Pictures excluded, output exactly the lines from the one containing "[대전 어은동 맛집]" through the last line of the listing below.

╭──

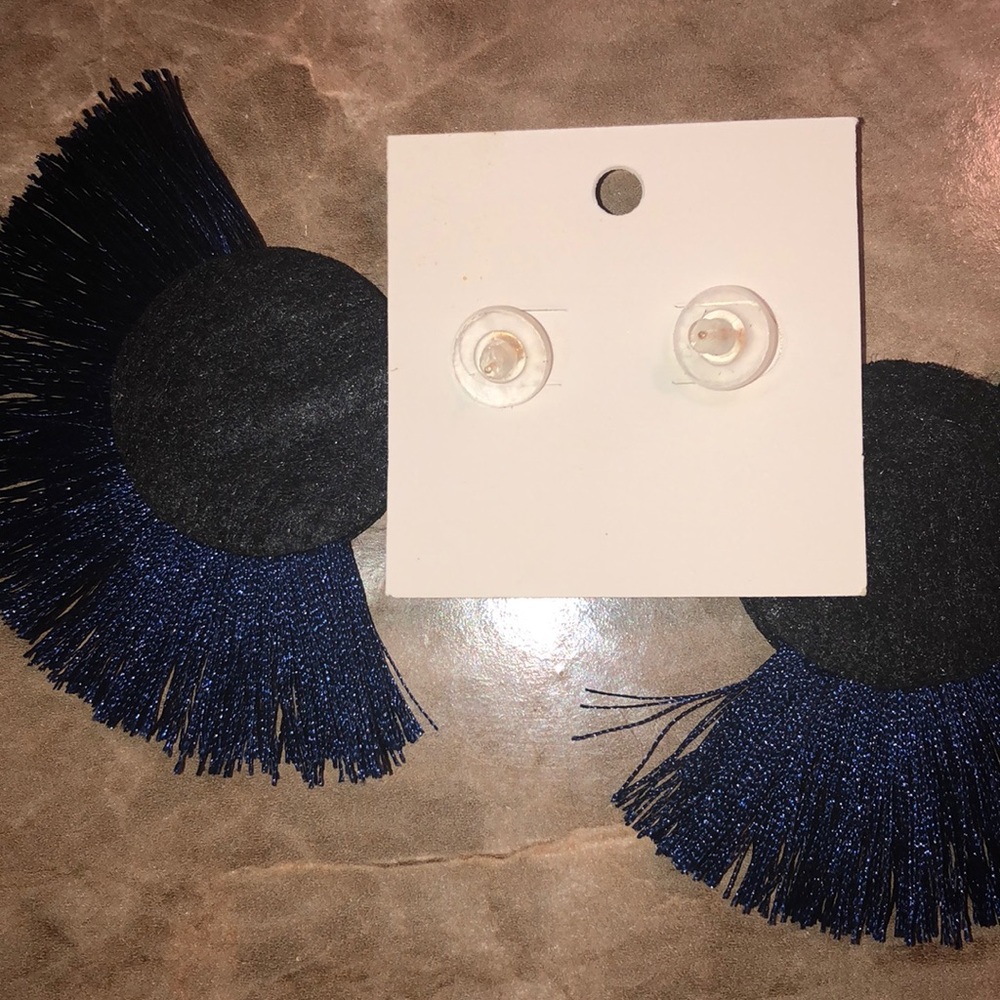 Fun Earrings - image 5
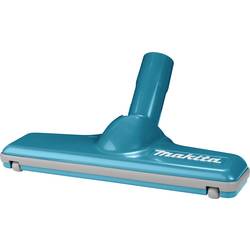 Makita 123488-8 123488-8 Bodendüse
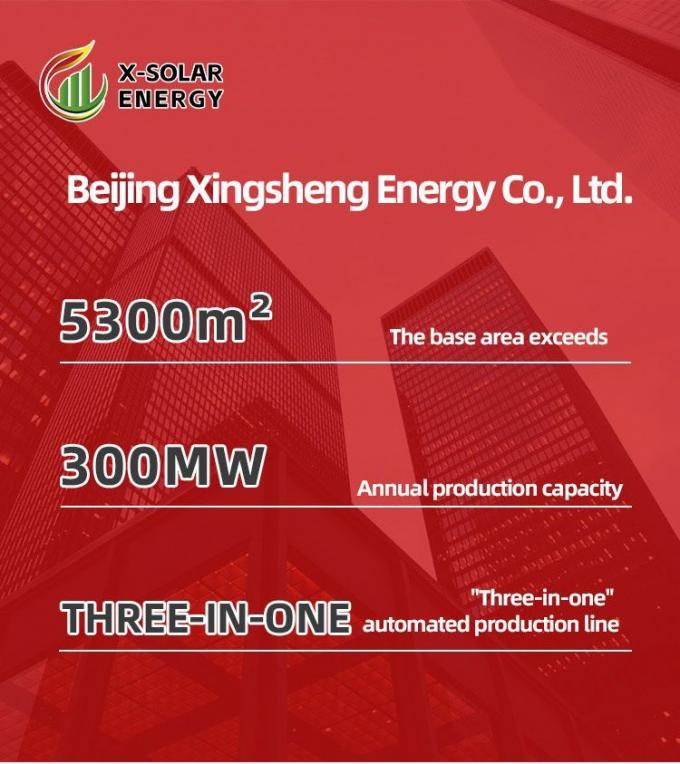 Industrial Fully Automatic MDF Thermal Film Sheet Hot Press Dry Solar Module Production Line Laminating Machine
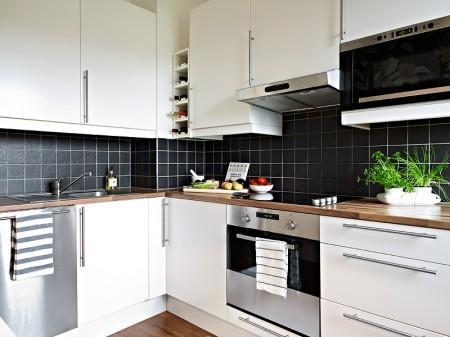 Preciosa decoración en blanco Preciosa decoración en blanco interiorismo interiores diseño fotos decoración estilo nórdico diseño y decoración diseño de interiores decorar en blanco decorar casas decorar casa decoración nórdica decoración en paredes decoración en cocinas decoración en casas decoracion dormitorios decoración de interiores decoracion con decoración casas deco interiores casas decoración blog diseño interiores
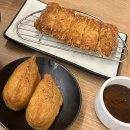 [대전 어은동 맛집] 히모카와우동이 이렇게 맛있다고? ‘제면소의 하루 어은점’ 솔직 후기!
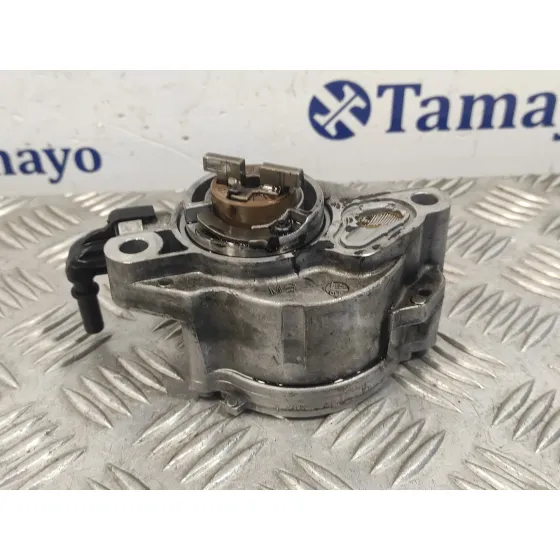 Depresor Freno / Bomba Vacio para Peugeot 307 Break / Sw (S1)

╰──

> _Solution to the exercise_:
 [대전 어은동 맛집] 히모카와우동이 이렇게 맛있다고? ‘제면소의 하루 어은점’ 솔직 후기!
 Depresor Freno / Bomba Vacio para Peugeot 307 Break / Sw (S1)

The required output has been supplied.